[Excerpts from a dataset]
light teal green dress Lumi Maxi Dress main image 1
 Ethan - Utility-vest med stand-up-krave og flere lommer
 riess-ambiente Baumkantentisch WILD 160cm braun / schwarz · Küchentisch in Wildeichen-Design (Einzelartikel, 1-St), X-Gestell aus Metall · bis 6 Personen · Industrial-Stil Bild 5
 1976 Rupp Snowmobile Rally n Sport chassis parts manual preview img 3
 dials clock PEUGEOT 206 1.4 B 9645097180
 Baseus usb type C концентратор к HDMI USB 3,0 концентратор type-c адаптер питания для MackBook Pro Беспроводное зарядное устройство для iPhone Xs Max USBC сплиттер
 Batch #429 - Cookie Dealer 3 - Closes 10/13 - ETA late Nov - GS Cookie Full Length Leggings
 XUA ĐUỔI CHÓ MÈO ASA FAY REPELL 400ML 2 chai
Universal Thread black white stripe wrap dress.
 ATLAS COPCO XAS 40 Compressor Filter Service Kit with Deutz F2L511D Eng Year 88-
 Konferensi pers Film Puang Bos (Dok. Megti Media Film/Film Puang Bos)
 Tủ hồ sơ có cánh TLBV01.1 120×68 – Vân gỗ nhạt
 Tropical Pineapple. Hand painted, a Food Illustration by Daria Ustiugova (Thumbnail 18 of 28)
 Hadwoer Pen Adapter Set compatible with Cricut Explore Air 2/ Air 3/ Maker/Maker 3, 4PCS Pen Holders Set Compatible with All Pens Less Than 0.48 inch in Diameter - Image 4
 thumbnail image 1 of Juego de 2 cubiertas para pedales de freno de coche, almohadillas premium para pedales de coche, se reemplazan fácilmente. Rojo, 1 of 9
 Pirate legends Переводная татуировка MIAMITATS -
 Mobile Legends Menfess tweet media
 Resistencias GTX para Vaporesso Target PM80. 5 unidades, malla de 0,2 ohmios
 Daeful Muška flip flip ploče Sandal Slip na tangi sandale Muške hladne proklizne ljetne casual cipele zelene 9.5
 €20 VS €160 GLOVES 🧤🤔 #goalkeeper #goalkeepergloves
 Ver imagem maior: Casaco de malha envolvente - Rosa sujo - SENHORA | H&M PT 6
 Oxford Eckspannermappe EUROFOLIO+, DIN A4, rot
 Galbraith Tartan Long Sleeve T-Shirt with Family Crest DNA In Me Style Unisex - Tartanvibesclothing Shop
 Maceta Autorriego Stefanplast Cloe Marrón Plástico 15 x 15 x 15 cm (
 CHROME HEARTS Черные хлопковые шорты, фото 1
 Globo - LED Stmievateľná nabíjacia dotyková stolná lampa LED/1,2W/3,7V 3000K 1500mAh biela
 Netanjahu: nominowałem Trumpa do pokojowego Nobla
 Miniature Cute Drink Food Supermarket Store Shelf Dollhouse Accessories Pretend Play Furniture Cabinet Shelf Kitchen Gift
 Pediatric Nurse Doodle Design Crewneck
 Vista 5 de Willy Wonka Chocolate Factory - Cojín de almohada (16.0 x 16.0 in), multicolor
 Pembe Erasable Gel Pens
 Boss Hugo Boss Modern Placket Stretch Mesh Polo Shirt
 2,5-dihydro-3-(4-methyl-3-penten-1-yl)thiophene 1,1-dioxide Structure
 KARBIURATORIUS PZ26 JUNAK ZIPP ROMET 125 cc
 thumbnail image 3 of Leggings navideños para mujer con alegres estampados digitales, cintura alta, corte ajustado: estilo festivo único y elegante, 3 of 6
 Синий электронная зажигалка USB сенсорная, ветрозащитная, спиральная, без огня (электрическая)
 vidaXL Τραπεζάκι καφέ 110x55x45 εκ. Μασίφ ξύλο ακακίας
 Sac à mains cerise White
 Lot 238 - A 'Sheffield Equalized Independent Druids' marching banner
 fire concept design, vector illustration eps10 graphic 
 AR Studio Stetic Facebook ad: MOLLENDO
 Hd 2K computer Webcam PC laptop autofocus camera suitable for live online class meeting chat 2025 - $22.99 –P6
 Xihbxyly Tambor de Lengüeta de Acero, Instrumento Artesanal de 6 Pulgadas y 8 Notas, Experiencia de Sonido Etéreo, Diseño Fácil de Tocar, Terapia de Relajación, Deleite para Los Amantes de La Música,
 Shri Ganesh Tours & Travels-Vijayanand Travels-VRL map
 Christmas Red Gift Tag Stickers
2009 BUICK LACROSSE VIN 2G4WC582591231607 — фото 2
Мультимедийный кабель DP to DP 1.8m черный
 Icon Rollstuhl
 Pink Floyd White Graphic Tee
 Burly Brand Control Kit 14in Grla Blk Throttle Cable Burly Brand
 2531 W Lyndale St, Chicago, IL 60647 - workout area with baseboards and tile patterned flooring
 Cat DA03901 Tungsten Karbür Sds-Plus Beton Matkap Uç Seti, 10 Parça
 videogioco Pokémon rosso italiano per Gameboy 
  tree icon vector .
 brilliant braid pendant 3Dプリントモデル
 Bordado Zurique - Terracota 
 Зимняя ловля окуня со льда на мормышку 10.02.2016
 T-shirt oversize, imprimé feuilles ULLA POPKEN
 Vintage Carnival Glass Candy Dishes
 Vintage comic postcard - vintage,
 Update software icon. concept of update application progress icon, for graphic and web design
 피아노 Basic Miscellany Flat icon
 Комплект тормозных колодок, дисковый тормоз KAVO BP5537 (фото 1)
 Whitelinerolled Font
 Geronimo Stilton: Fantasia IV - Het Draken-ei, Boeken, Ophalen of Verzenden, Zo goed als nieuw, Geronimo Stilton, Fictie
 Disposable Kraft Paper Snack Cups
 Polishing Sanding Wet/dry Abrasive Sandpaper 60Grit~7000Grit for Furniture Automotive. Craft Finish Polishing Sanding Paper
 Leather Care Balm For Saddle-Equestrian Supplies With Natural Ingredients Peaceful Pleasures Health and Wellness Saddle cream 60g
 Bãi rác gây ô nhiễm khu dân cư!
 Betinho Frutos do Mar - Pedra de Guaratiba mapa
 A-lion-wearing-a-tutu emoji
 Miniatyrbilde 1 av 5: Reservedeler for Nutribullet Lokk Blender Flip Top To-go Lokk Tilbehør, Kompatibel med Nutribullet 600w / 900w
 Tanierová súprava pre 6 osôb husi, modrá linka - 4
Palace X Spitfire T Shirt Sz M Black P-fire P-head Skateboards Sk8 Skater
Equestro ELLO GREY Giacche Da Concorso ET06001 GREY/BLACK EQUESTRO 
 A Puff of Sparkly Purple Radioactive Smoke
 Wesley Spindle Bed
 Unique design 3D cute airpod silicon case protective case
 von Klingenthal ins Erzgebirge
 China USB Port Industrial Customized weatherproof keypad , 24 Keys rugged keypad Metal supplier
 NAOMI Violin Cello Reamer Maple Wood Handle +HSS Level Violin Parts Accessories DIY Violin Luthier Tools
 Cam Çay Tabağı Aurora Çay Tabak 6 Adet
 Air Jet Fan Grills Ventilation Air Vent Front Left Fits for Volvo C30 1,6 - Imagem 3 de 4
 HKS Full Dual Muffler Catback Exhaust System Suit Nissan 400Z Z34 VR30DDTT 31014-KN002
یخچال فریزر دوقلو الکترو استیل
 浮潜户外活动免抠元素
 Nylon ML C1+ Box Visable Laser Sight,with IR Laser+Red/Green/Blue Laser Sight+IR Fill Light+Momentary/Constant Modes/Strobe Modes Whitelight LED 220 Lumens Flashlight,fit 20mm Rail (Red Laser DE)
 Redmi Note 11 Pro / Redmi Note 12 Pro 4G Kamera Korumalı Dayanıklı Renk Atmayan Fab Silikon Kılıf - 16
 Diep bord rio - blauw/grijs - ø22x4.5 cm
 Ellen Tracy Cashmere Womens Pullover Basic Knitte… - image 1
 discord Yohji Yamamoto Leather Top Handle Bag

What is required: Above are the records; from them, give again exactly the lines from the one containing "Vintage Carnival Glass Candy Dishes" to the one containing "Disposable Kraft Paper Snack Cups", both lines included, and nothing more.

Result below:
 Vintage Carnival Glass Candy Dishes
 Vintage comic postcard - vintage,
 Update software icon. concept of update application progress icon, for graphic and web design
 피아노 Basic Miscellany Flat icon
 Комплект тормозных колодок, дисковый тормоз KAVO BP5537 (фото 1)
 Whitelinerolled Font
 Geronimo Stilton: Fantasia IV - Het Draken-ei, Boeken, Ophalen of Verzenden, Zo goed als nieuw, Geronimo Stilton, Fictie
 Disposable Kraft Paper Snack Cups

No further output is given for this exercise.